Scornful Stars Page 22
Omar let out a small wheeze. “I told you it was somebody who wanted your money,” he said. “Kept you … at the office late … to make sure no one would be around. You sure … fell for that.”
“Oh, shut up,” she told him. “You were right, I was wrong. There, that’s it.”
“Not by a long shot … I’m going to enjoy holding this over your head.… Help me up.”
Elena struggled to her feet, and helped Omar to his. The assistant took out his comm device and punched in an emergency code. “This is Morillo,” he wheezed. “Get security down to the ground-floor lobby. Someone tried to kidnap Ms. Pavon, and they know we’re in the elevator.”
“Who would do this?” Elena wondered aloud. Someone after an heiress’s ransom? Or did it have something to do with her efforts to push the pasha’s government into taking action against Zerzura’s pirates?

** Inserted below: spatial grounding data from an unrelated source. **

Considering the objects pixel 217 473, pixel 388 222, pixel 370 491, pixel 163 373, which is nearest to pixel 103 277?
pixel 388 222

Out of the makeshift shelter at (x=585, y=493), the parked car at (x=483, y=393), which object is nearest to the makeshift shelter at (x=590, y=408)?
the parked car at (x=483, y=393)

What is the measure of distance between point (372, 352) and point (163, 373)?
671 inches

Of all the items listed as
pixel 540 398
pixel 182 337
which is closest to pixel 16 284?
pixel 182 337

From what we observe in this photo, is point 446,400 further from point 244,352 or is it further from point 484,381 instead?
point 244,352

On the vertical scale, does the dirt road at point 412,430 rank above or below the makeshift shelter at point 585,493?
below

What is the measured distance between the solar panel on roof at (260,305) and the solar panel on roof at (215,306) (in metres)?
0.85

She couldn’t believe that anyone could have found out about her plan to outfit privateers; she’d held that close to the vest until the meeting with Marid Pasha. No, that’s not it, she decided. Whoever attacked me knew enough to use the name of one of the investigators we hired. And that means they might also know what our investigators told us. “The pirates, of course. They came after me because we got close to them.”

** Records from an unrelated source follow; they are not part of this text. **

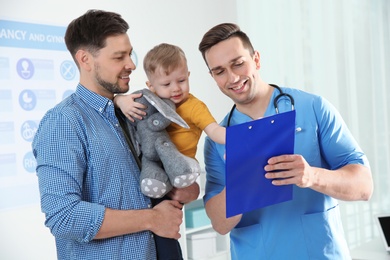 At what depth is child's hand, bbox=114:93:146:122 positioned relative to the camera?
1.62 meters

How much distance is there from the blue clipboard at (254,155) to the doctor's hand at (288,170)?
2cm

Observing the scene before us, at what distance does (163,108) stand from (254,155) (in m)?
0.36

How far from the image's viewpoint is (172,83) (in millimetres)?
1741

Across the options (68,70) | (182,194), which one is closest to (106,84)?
(182,194)

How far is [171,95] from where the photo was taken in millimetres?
1749

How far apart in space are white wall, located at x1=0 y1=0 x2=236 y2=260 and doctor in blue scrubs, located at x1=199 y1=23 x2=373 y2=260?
169cm

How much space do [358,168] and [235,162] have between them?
52 cm

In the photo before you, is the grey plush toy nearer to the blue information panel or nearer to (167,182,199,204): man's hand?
(167,182,199,204): man's hand

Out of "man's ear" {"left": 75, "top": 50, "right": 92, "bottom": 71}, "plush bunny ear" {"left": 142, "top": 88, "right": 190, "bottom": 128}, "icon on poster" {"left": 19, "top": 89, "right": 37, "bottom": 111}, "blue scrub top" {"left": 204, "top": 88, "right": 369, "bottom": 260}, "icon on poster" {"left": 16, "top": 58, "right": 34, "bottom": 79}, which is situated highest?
"icon on poster" {"left": 16, "top": 58, "right": 34, "bottom": 79}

“What was that?” Omar asked. He really was a mess, with a split lip streaming blood down his chin and a hunched posture that hinted at some cracked or broken ribs.

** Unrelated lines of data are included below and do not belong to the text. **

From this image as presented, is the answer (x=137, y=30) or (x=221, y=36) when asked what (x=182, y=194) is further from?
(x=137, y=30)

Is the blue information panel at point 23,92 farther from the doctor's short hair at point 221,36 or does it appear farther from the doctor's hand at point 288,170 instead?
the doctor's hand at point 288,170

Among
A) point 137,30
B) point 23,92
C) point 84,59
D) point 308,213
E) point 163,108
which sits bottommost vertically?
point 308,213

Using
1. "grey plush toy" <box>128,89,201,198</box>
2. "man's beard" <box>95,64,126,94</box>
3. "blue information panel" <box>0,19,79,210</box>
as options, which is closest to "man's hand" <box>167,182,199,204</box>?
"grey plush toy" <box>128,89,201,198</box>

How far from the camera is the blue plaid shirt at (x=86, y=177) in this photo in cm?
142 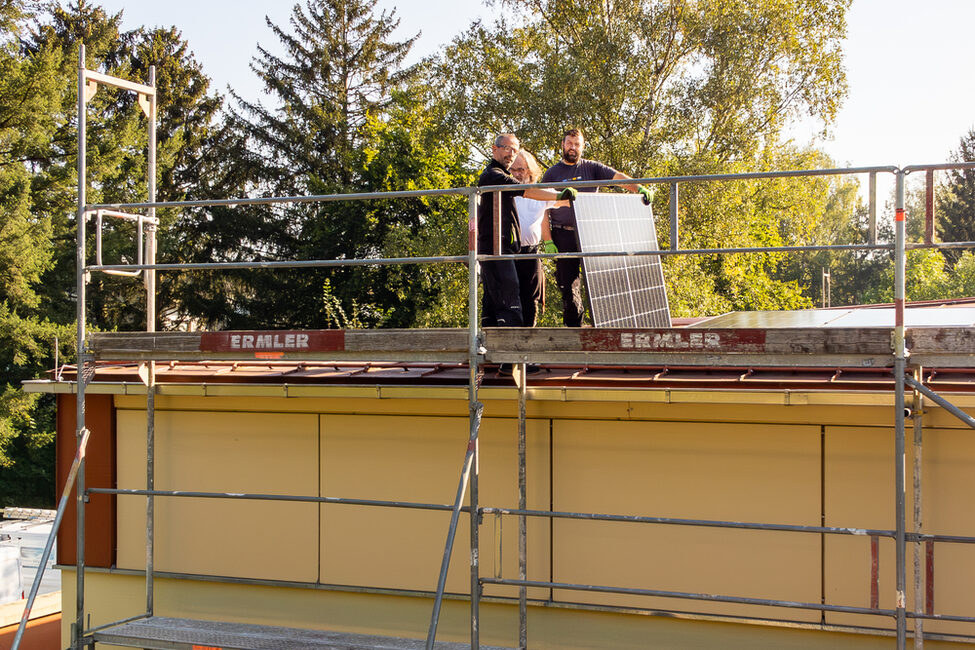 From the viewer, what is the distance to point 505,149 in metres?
6.93

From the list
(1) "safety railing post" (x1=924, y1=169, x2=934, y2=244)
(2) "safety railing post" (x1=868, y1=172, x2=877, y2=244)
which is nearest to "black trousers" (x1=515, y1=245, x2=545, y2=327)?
(2) "safety railing post" (x1=868, y1=172, x2=877, y2=244)

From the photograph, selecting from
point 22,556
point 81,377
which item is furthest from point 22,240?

“I think someone knows what we found out about Venture Salvage. And this was their way of making sure it didn’t go any further.”
Omar nodded, and spat out a mouthful of blood. “The Rahim message was bait.”
“Are you okay?” Elena asked.
“Not really, no. I’m going to need a big raise.”
“We’ll see about that,” Elena promised him. Then the elevator doors opened, and she sighed in relief at the sight of a lobby full of building security guards.
13
CSS Decisive, Bursa System
Decisive made the warp transit from Zafer to the Zerzuran system of Bursa in a little less than five days. Sikander observed the usual arrival routine on the bridge, with the added anxiety of a second ship to worry about: the captured pirate Qarash, now under the temporary command of Jaime Herrera and a small prize crew. We’re going to need to carry a bigger crew if I have to keep parceling out prize detachments, he reflected as the arrival countdown ticked away. If The’eb had been in any condition to make a warp transit, Sikander would have been hard-pressed to come up with a crew for the second pirate without leaving Decisive undermanned … especially since the destroyer now carried eighty-seven prisoners locked in hastily cleared crew berthing spaces and guarded around the clock. He’d decided to tow the crippled The’eb back to Zafer Station and leave her moored there with her weapons and drive disabled until someone else could return to salvage the damaged ship and shutter the pirate base for good.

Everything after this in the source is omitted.